> **Task statement**
Repeat the listing below verbatim, without its images.

> **The data**
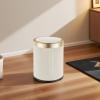 BOSREROY Automatic Trash Can Touchless, Cream Smart Sensor Waste Bin, Odor Sealing, Silent Close Open, Elegant Design Double Bucket for Bathroom Kitchen Living Room view 4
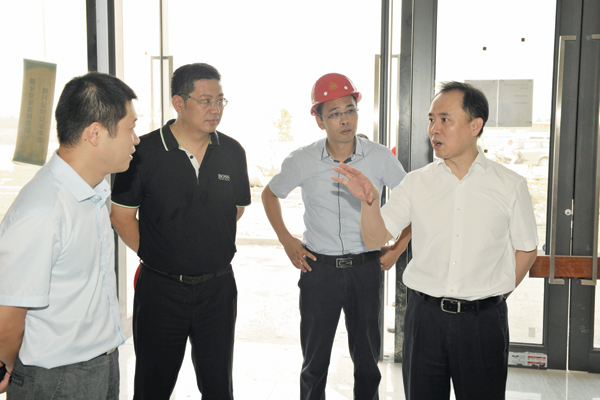 南通通州区领导调研米兰app官方官网 高新区新址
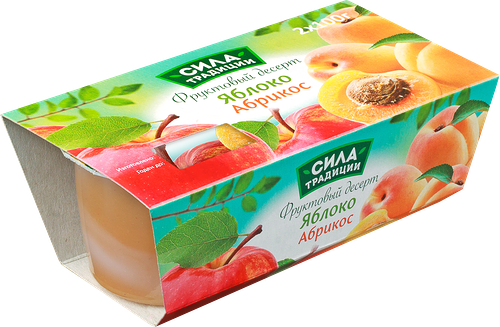 Десерт фруктовый Сила традиции Яблоко-абрикос 2 шт. 200 г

> **Written response**
 BOSREROY Automatic Trash Can Touchless, Cream Smart Sensor Waste Bin, Odor Sealing, Silent Close Open, Elegant Design Double Bucket for Bathroom Kitchen Living Room view 4
 南通通州区领导调研米兰app官方官网 高新区新址
 Десерт фруктовый Сила традиции Яблоко-абрикос 2 шт. 200 г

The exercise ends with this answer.